***** INFORMATION PROVIDED

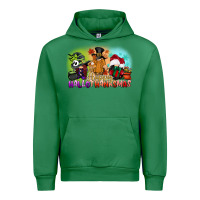 Emerald happy hallothanksmas gnomes Urban Hoodie - CowGirlArtShop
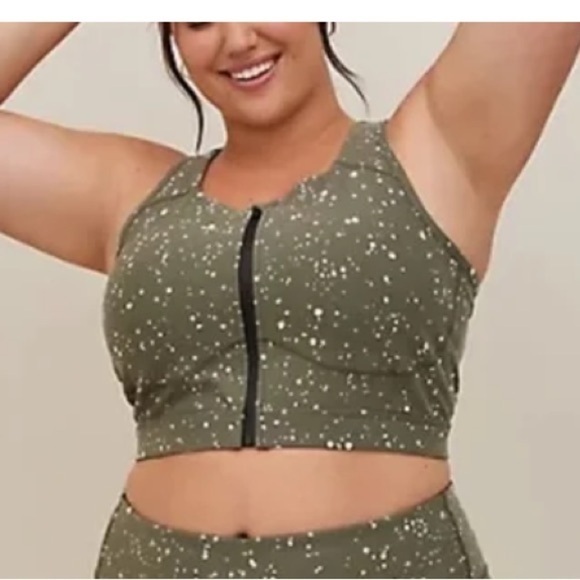Torrid HAPPY CAMPER LOW-IMPACT WIRELESS LONGLINE ACTIVE SPORTS BRA Size 3 - Picture 2 of 16
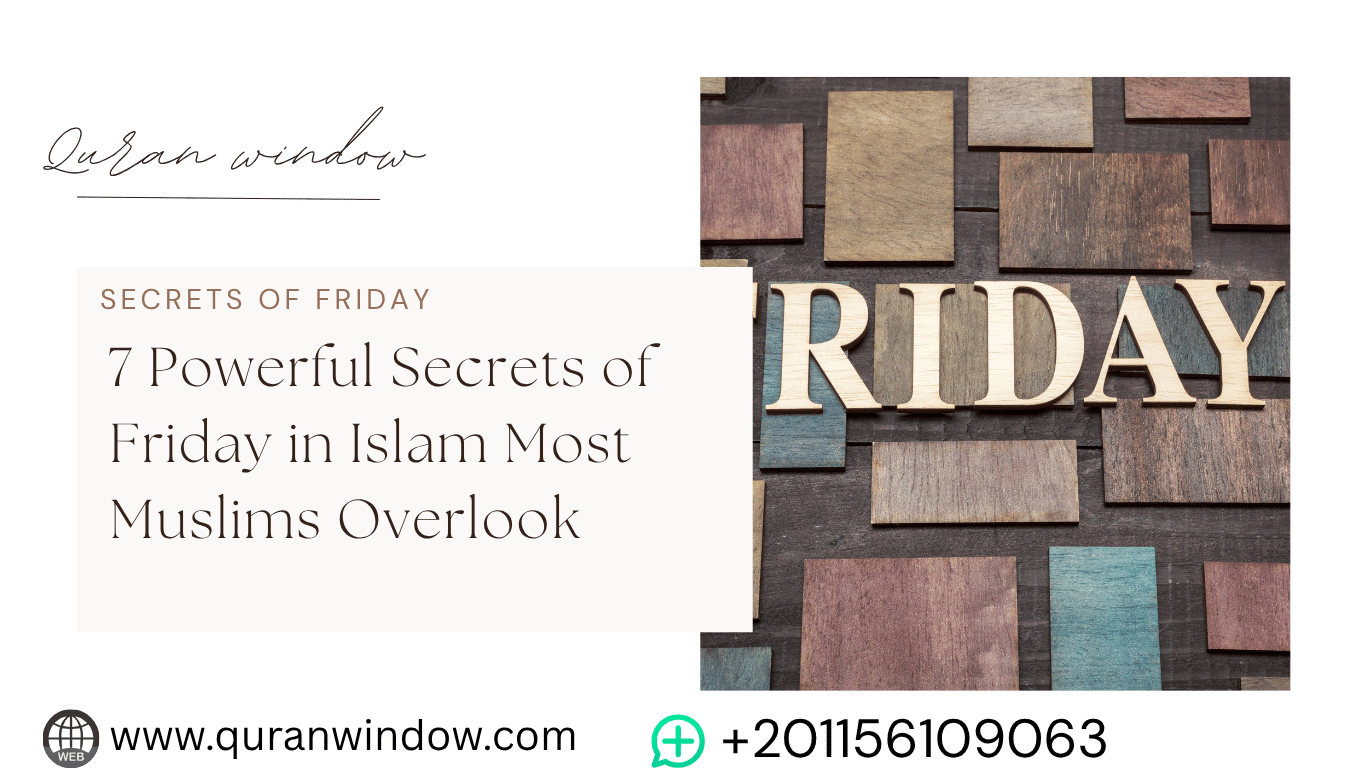 Spiritual moment on Friday in Islam – uncovering the secrets of Friday through prayer and reflection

**********

◆ EXERCISE INSTRUCTIONS
The lines above should be transcribed exactly, with every image removed.

◆ ANSWER TO THIS EXERCISE
 Emerald happy hallothanksmas gnomes Urban Hoodie - CowGirlArtShop
Torrid HAPPY CAMPER LOW-IMPACT WIRELESS LONGLINE ACTIVE SPORTS BRA Size 3 - Picture 2 of 16
 Spiritual moment on Friday in Islam – uncovering the secrets of Friday through prayer and reflection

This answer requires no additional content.